*** Collected data ***

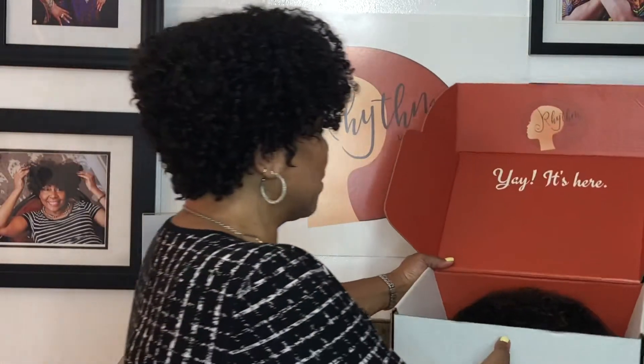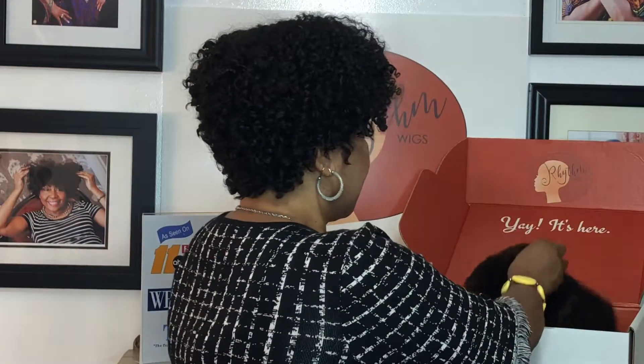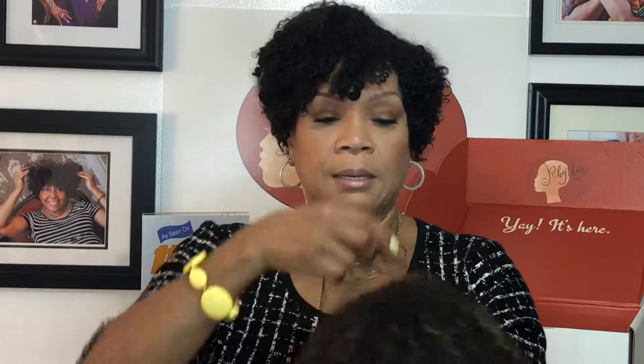It has a lot of beautiful papers that you'll have in your box, but I really just wanted to focus on the wig. Your wig will be in netting like this. You just take the netting off and the first thing to do is give it a good shake.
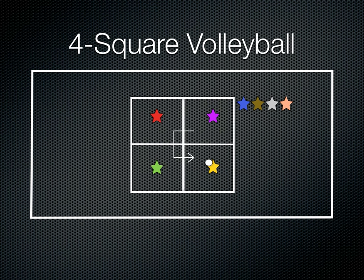So if a player makes a mistake, they have to leave their square, and it becomes filled by the next person in the line. The King starts by serving it — a light serve — then a bump or a set, and the purple player made a mistake there. So purple player is out, goes to the end of the line, the next player comes in, and then it resets. The King gets the ball again and makes a serve to whoever he chooses.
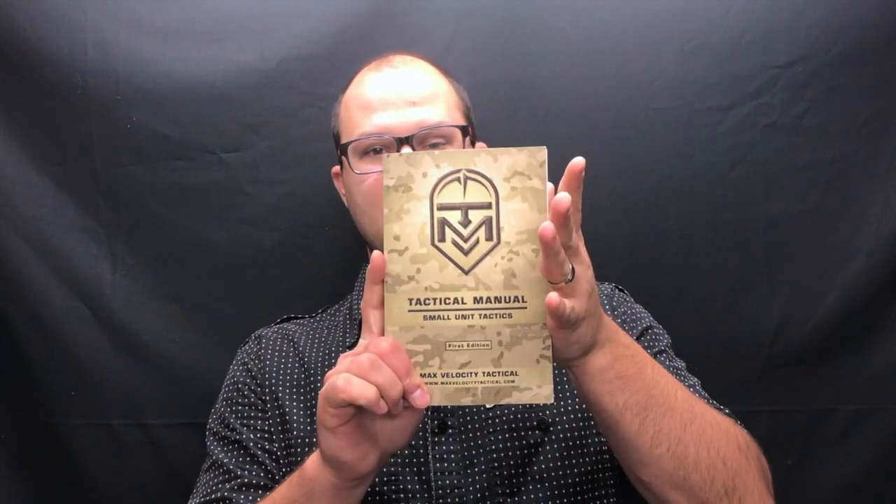Hey guys, Dylan Schumacher with Citadel Defense, and it's time for another edition of Tactical Book Review. Today's book is the Tactical Manual Small Unit Tactics by Max Velocity Tactical.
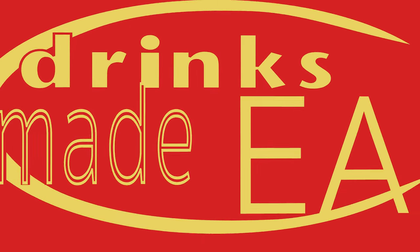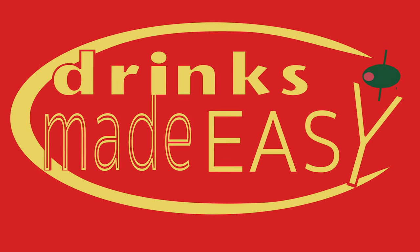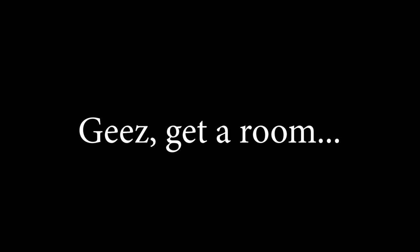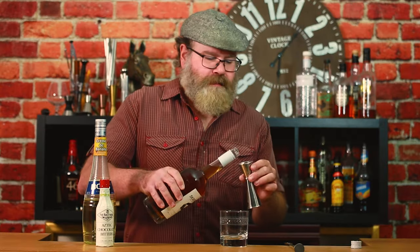All right, let's make this drink. To make this drink, we're going to start with two ounces of your Screwball. I love that sound — I need to open up a new bottle. I love this, I love the way it smells. So, two ounces.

*** End of Collected data ***

How to complete this task: Copy the listing exactly. Leave the pictures out.

Completed task:
It has a lot of beautiful papers that you'll have in your box, but I really just wanted to focus on the wig. Your wig will be in netting like this. You just take the netting off and the first thing to do is give it a good shake.
So if a player makes a mistake, they have to leave their square, and it becomes filled by the next person in the line. The King starts by serving it — a light serve — then a bump or a set, and the purple player made a mistake there. So purple player is out, goes to the end of the line, the next player comes in, and then it resets. The King gets the ball again and makes a serve to whoever he chooses.
Hey guys, Dylan Schumacher with Citadel Defense, and it's time for another edition of Tactical Book Review. Today's book is the Tactical Manual Small Unit Tactics by Max Velocity Tactical.
All right, let's make this drink. To make this drink, we're going to start with two ounces of your Screwball. I love that sound — I need to open up a new bottle. I love this, I love the way it smells. So, two ounces.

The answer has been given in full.